Dat stukje over onze jeugd in Osdorp heeft veel herinneringen opgeroepen.
Niet alleen over Osdorp, ook over Amsterdam.
Allebei mijn grootouders woonden in Betondorp. Watergraafsmeer 😊. Op zondag naar oma betekende met de tram, als Ajax thuis speelde. Oma en opa woonden op het Onderlangs en in de Ploegstraat (vrijwel recht tegenover de Meer) dus parkeren in Het Dorp was er op die zondagen niet bij. Met de tram dus. En dat bracht mij op de terugweg vaak in de problemen. De geur, en het slingeren in combinatie met de schaaltjes vol snoep, koek, petit fourt, slagroomsoezen, chips en andere lekkernij die de Oma s altijd aanleverden deden mij geen goed en vaak stapten we halverwege uit en gingen verder met de taxi.
Mijn vader honkbalde bij De Geuzen en mijn moeder softbalde bij VVGA. Geen wonder dat wij opgroeiden op een honkbalveld en later ook zijn gaan softballen en honkballen.
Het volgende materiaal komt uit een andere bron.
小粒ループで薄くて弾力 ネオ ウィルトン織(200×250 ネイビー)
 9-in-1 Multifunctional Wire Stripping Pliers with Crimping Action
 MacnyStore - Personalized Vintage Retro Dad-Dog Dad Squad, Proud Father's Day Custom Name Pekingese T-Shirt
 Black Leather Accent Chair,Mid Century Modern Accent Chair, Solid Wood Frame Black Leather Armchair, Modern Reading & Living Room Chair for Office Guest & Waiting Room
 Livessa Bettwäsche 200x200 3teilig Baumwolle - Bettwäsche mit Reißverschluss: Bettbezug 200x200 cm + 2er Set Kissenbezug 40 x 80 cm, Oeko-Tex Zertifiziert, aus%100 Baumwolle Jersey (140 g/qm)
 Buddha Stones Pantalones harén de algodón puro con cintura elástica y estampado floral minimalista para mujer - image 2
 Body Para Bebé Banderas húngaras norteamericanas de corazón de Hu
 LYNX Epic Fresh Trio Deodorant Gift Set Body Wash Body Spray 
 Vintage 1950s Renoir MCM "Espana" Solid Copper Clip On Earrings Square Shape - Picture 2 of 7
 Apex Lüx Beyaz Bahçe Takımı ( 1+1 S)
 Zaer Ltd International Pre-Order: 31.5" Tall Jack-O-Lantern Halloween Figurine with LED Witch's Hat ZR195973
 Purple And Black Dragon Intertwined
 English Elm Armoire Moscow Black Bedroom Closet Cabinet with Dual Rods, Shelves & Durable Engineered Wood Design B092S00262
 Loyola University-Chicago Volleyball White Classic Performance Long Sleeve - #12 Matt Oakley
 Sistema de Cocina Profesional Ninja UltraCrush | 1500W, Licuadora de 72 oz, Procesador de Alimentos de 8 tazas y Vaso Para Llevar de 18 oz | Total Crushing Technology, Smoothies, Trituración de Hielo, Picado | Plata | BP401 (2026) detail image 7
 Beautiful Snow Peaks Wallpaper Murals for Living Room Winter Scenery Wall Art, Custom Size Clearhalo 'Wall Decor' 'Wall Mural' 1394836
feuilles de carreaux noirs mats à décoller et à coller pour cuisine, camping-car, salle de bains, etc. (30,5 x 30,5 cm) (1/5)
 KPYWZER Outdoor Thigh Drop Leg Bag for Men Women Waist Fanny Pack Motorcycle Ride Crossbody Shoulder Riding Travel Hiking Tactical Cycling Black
Mijn broer ook bij de Geuzen.
Maar daarvoor deden we nog aan atletiek allebei. Bij AAC en ADA. En daar weer voor aan gymnastiek bij de Osseknots (geen idee hoe het echt heette).
Baletten deed ik bij Scapino. Vlak bij de Kolenkit. Mijn vader bracht me op de fiets en ik zat dan voor op de stang. Toen ik op een zaterdag met mijn duim klem kwam te zitten tussen zijn remstang en het stuur, belde hij zomaar bij wildvreemde mensen aan en vroeg of hij in hun keuken mijn hand onder de koude kraan mocht houden. Mijn duim groeide met de seconde en natuurlijk mocht het. Toen kon dat nog, vreemden binnen laten.
Zwemmen leerden we in het Zuiderbad aan de Hobbemakade. Waar zo'n mooie waterval was waar je achter kon verstoppen. s Morgens vroeg al voor school. En dan kregen we een boterham met pindakaas en ging mijn vader door naar zijn werk bij de KNSM, later VNS en gingen wij met mijn moeder terug met de tram naar Osdorp. Ik was dan altijd een beetje later op school maar dat mocht.
Zwemmen deden we natuurlijk ook in het Sloterplasbad en schoolzwemmen kreeg ik in Sportfondsebad West. Naast snackbar Marja, van onze buren op de Notweg.
Op zondag gingen we hardlopen in het Amsterdamse bos. Mijn vader bedacht dan een heel parcours met allerlei oefeningen. En later toen we een auto hadden gingen we op zondag naar het natuurgebied tussen Castricum en Egmond.
Toen we eenmaal konden zwemmen kregen we een rubber boot. Daar peddelen we mee over de Osdorpergracht of Slotergracht (weet niet precies meer hoe die gracht heette) helemaal naar de molen bij Ookmeer. En in de winter gingen we zo ver schaatsen.
Op dinsdag met mijn moeder en oma naar de Bijenkorf en dan natuurlijk ook even naar de Bonnetrie.
En als we bij opa en oma op het Dorp gingen logeren dan was een ijsje halen bij Schep op de Middenweg vaste prik. Net als de Dappermarkt en bij opa achterop de brommert door de Indische Buurt.
Spelen in de speeltuin van de vereniging. TWM heette dat geloof ik. Die hadden ook een muziek vereniging. Mijn opa speelde daar trombone en mijn vader dwarsfluit.
Ze waren sowieso muzikaal mijn ouders allebei en ook wij spelen aardig wat instrumenten. We begonnen met pianolessen van Jan Mekkes die destijds organist bij Tuschinski was.
Er zijn zoveel herinneringen aan Amsterdam en iedere keer als ik er kom voelt het als thuis.
Mijn ouders zijn allebei overleden. Hun as is verstrooid op de Nieuwe Ooster waar ze vanaf die plek kunnen kijken naar hun school aan de Zaaiersweg en het Dorp waar ze zijn geboren en opgegroeid.